当院では手術が必要と判断した場合、適切な連携の医療機関にご紹介いたします。
【予防】
関節ねずみは、様々なスポーツで発生する可能性があります。日頃から以下のことを継続して行うことが、予防には非常に重要です。
- ストレッチ
- 筋力トレーニング
- 正しいフォームの習得
- 体重管理
- 運動後のケア
日頃から膝や股関節など、関節全体のストレッチをきちんと行い、柔軟性を維持しましょう。柔軟性が低いと、関節に不必要な負担がかかりやすくなります。
関節を支える周囲の筋肉をバランス良く鍛えることで、関節の安定性を高め、負担を軽減できます。特に、太ももやふくらはぎの筋肉を強化することが大切です。
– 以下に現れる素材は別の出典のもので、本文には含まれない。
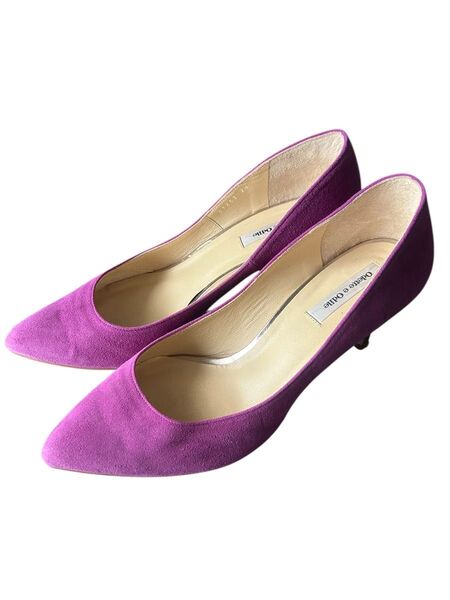odette e odile オデットエオディール ヌバックパンプス パープル系 24cm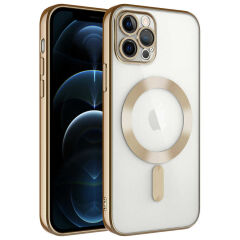iPhone 12 Pro Max Kılıf Kamera Korumalı Kablosuz Wireless Şarj Özellikli Demre Kapak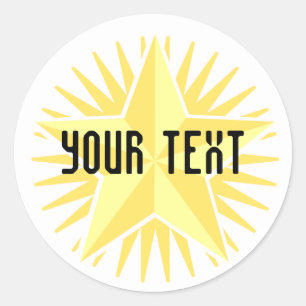 Gold Star Sticker Template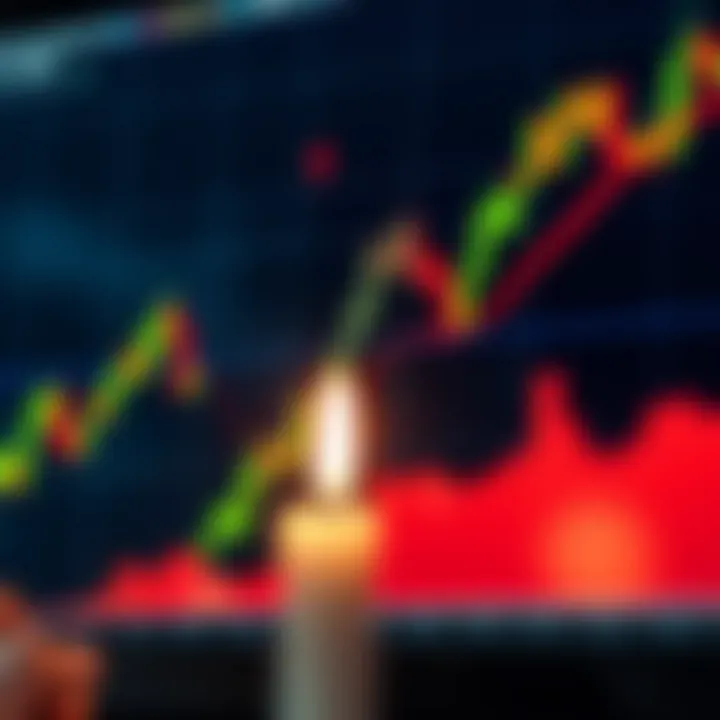 Illustration of a bullish engulfing candlestick pattern on a trading chart indicating potential market upward trend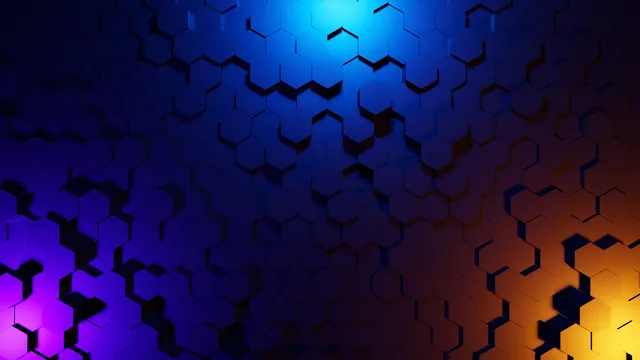 Hex wallpaper: spectral hive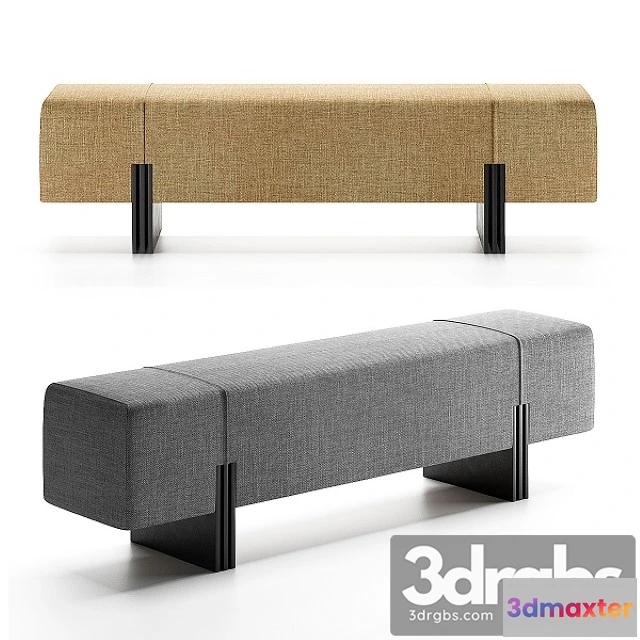 954052 - Apua Bench by Bruno Moinard Editions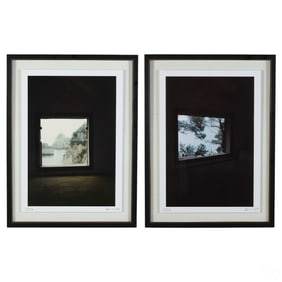 Gunther Forg 1952-2013 Photographic Works 2pc LOT
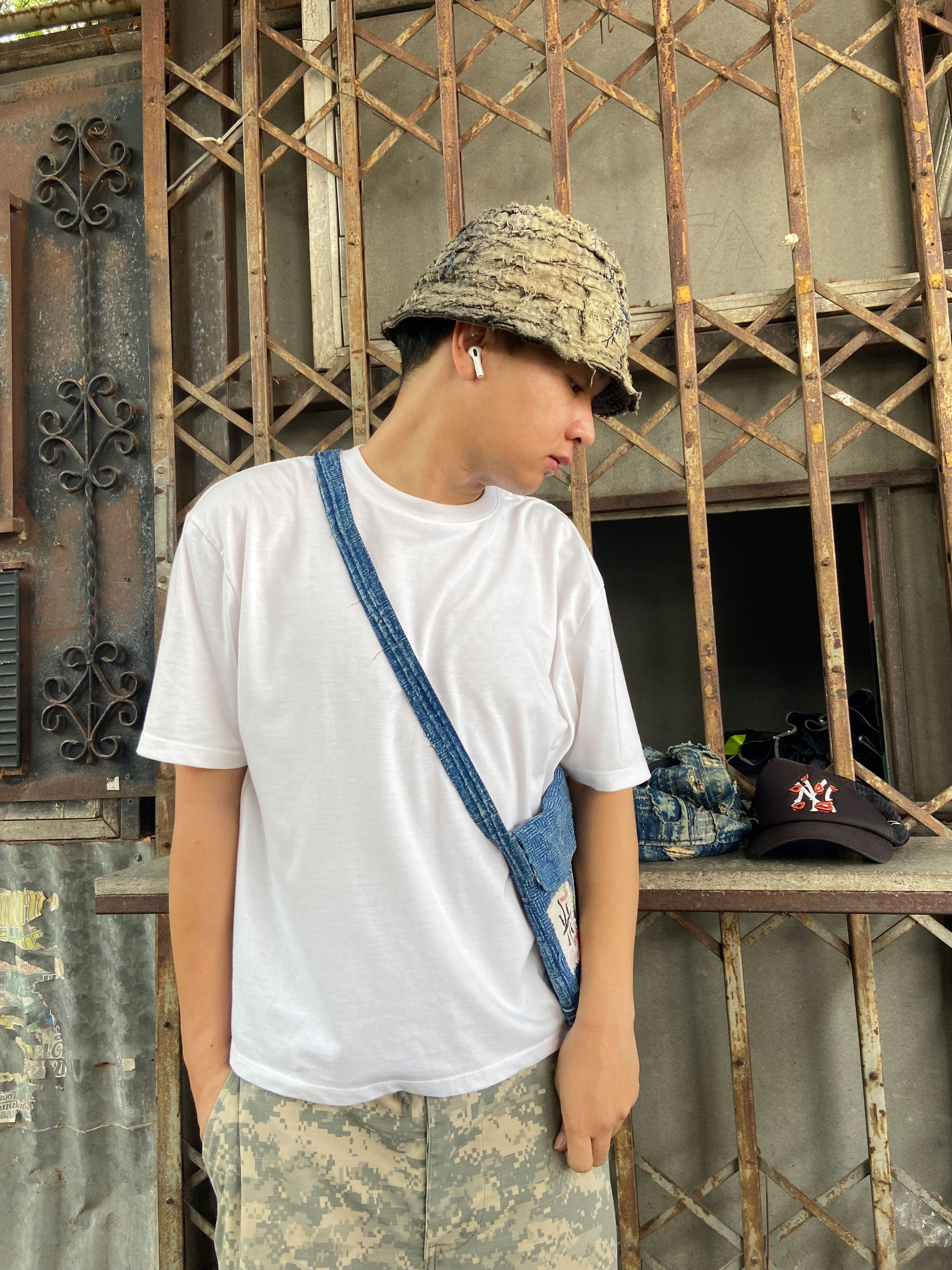 Japanese Brand 1/1 boro bucket hat Size ONE SIZE - 7 Thumbnail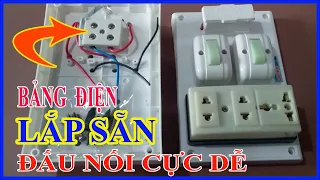 Bảng Điện Ráp Sẵn Taplo Điện 2 công tắc 1 ổ cắm | Điện nước 365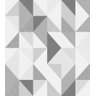 Papel de Parede Bobinex Contemporâneo - Geométrico Cinza - 1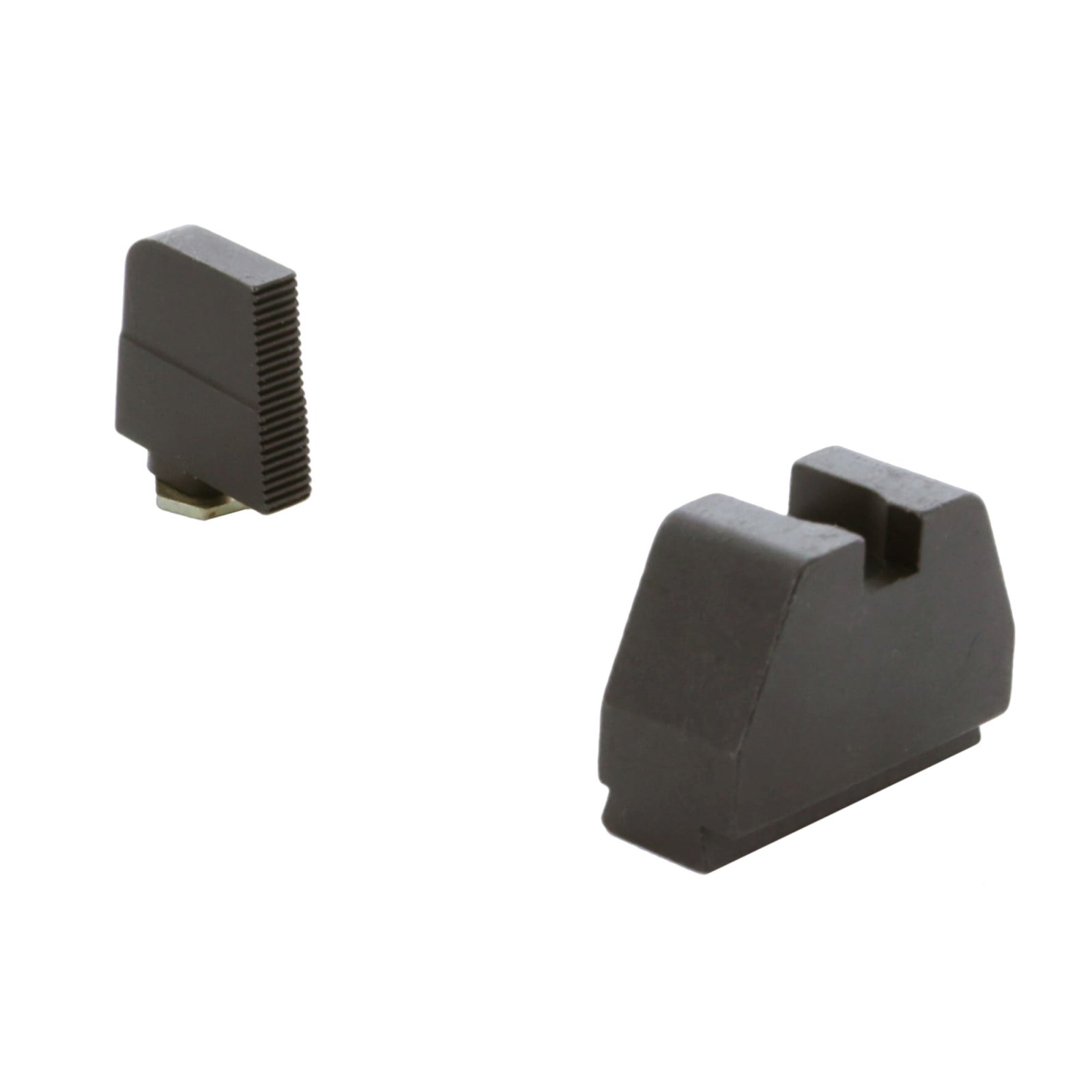 AmeriGlo GL-527 Optic Sight Set Black Serrated for Glock 43X/48 MOS - AmeriGlo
スポーツの動作(投球、スイングなど)に不自然なフォームがあると、特定の関節に過度な負担がかかります。指導者や専門家に見てもらい、正しいフォームを身につけることが重要です。
体重が増加すると、膝や足首などの関節に大きな負担がかかります。適正体重を維持し、関節へのストレスを和らげましょう。
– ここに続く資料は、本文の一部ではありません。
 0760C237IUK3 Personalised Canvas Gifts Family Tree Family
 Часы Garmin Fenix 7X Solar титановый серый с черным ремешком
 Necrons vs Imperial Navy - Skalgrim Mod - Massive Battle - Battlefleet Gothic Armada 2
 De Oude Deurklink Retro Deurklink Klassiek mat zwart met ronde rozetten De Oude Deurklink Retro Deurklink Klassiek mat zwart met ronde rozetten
運動後は、アイシングなどで炎症を抑え、関節へのストレスを緩和しましょう。
【関節ねずみの治療は横浜市緑区のかたの整形外科へ】
関節の痛みや引っかかりを「年のせい」「疲れだろう」と放置していませんか? 関節ねずみは、放置すると症状が悪化し、日常生活やスポーツに大きな支障をきたすだけでなく、他の関節組織を傷つけてしまう可能性もあります。
横浜市緑区にお住まいの方、通勤・通学されている方で関節の痛みにお悩みの方は、ぜひ一度当院にご相談ください。整形外科専門医が、丁寧な診察と的確な診断を行い、お一人おひとりの症状やライフスタイルに合わせた最適な治療プランをご提案いたします。
【よくある質問】
Q1.「関節ねずみ」は痛くないこともありますか?
A1.はい、あります。遊離体が関節の端に留まり、関節の動きを妨げなければ、症状が出ないこともあります。しかし、いつ症状が現れてもおかしくない状態ですので、一度専門医に相談して状態を把握しておくことをお勧めします。
Q2.手術をしないと治りませんか?
A2.症状が軽度で、日常生活に大きな支障がない場合は、必ずしも手術が必要なわけではありません。まずは安静やリハビリなどの保存的治療で様子を見ることが多いです。しかし、痛みが強い場合や「ロッキング」を繰り返す場合は、根本的な原因を取り除くために手術が検討されます。
Q3.リハビリはどのように行うのですか?
A3.関節ねずみのリハビリは、関節の可動域を回復させるストレッチや、関節を安定させるための筋力トレーニングが中心となります。特に、患部をかばうことで周囲の筋肉が弱くなっていることが多いため、専門の理学療法士が患者様の状態に合わせたメニューを指導します。